Published on: 26/01/2022 | Modified on: 09/08/2022

Spread betting can be a relatively easy way to trade the financial markets. It’s also tax-free in the UK and Ireland, being exempt from capital gains tax and stamp duty*. Once you understand calculations to work out spreads and margins, making a trade is straightforward. This article explains how you can go long or short on the markets, depending on whether you expect prices to rise or fall. For each scenario, we calculate the potential profit or loss for the trade.

KEY POINTS

  • The spread is the difference between a broker’s buy and sell price, which is automatically included in the price
  • Spread betting profits are tax-free in the UK*
  • When trading leverage, you deposit only a fraction of the value of the trade
  • You can spread bet on several different types of assets, including stocks, indices, currencies and commodities
  • Spread betting may incur additional costs depending on your individual trade and how long you keep open your position

Example one: Apple (going long)

Please note that, when spread betting shares, an additional spread is built into the spread bet price displayed on the platform and is applicable upon execution of any order.

Here’s a spread betting stock example. Say you want to spread bet Apple on a day that it is trading at 140. Your broker might offer you a sell price of 138 and a buy price of 142, making a spread of four points:

  • Sell price = 138

  • Buy price = 142

  • Spread = 4 (difference between 142 and 138)

You think that Apple’s share price will go up, so you open a long position at £3 per point. Remember, as you’ll be trading with leverage​, you only need to pay a percentage of the total position’s full value.

Our margin rate for Apple is 20%, so you deposit 20% x (£3 x 142) = £85.20. You won’t pay any commission on this because the broker’s fees are contained within the cost of the spread (unlike CFD share trading) but because of this, you need the price to go up more than four points before you can make a profit.

Outcome A: winning bet

Imagine that Apple’s shares rise in value to a new sell price of 162 and a buy price of 166, and you decide to close your position. Because you bought at 142 and sold at 162, you’ve made a profit of 20 points multiplied by your £3 stake.

Profit: 20 x £3 = £60

Outcome B: losing bet

In this hypothetical outcome, you got it wrong. Apple’s shares fall to a sell of 120 and a buy of 124. Because you bought at 142 and sold at 120, you’ve made a loss of 22 points multiplied by your £3 stake size.

Loss: 22 x £3 = £66

Example two: Apple (going short)

In this example, you might think that Apple’s stock price is going to go down, and therefore decide to short the stock. The principle is the same — if you’re right, you win, if you’re wrong, you lose — but this time, because you’ve bet the price will drop, you profit if the share price goes down.

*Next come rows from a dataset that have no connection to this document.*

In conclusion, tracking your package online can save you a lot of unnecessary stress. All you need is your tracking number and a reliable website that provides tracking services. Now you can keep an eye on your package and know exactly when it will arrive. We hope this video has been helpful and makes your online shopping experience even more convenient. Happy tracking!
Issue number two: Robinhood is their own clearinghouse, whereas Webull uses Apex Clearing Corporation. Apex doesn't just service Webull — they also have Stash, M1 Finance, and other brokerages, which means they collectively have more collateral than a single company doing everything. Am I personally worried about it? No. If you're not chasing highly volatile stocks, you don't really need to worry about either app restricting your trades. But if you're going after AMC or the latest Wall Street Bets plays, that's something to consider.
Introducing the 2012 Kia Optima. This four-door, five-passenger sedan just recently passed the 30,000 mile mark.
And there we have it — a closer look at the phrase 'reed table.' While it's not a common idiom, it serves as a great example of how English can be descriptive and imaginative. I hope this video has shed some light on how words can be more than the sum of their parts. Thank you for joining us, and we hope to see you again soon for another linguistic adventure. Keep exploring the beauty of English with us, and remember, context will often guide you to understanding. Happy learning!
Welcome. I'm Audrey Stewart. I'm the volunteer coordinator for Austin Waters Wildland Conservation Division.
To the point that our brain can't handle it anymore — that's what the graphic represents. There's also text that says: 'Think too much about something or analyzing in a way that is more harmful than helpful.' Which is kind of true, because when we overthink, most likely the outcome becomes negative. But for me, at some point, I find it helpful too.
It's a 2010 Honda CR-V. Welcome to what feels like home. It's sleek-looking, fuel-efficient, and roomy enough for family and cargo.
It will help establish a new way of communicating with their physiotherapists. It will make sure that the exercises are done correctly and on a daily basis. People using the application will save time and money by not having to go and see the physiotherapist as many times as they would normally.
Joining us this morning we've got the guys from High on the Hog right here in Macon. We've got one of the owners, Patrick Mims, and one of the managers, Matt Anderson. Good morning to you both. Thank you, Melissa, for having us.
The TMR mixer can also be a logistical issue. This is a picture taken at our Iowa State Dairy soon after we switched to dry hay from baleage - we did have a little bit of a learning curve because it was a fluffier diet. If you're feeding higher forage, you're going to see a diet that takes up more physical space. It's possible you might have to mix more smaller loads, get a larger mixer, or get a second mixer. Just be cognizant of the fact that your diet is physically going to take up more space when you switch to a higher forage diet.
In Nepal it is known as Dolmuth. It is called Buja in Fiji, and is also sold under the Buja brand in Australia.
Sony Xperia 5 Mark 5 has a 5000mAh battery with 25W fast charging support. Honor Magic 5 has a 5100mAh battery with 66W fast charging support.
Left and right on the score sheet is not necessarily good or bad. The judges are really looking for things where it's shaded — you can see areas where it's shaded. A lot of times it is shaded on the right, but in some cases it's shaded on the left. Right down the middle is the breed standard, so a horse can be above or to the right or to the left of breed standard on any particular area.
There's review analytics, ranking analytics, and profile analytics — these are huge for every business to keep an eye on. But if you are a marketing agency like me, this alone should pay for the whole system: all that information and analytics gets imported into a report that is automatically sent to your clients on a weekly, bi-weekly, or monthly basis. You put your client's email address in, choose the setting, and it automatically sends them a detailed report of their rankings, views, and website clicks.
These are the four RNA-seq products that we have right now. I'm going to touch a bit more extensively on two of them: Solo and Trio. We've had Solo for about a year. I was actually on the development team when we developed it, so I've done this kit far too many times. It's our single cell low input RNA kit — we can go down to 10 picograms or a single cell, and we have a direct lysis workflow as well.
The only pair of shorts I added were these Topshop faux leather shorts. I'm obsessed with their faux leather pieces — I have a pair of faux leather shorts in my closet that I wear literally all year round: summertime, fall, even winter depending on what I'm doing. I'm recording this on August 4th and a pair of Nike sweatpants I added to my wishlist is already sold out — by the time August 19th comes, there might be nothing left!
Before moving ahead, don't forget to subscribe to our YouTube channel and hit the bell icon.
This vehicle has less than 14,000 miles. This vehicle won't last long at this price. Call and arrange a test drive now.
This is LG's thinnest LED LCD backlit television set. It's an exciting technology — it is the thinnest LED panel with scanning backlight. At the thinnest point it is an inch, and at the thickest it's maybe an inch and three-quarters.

Let’s say that the share price is now 160 and your broker offers you a buy price of 162 and a sell price of 158, meaning the spread is four.

  • Sell price = 158

  • Buy price = 162

  • Spread = 4 (difference between 142 and 138)

You think that Apple’s share price will go down, so you open a short position at £2 per point. Because you are selling to buy back later, and our margin rate for spread betting stocks is 20%, you pay 20% x (£2 x 158) = £63.20.

Outcome A: winning bet

Imagine you are right — Apple’s shares decline to a new sell price of 136 and a buy price of 140 and you decide to close your position. Because you sold at 158 and bought at 140, you’ve made a profit of 18 points multiplied by your £2 stake.

Profit: 18 x £2 = £36

Outcome B: losing bet

Imagine you were wrong and Apple’s shares rise to a sell of 190 and a buy of 194. You manage to close out before the price rises any higher, but because you sold at 158 and bought at 194, you’ve made a loss of 36 points multiplied by your £2 stake.

Loss: 36 x £2 = £72

Spread bet on over 12,000 stocks, indices, forex pairs, commodities, bonds and ETFs

Example three: UK 100 (going long)

You can also choose to spread bet on a stock market index following the same principles. In this spread betting example, let’s say that you think the FTSE 100 index is performing well and will likely rise in price. In this case, you could open a long position on our UK 100 instrument, which is a derivative based on the index.

  • Sell price = 5,789

  • Buy price = 5,790

  • Spread = 1 (difference between 5,789 and 5,790)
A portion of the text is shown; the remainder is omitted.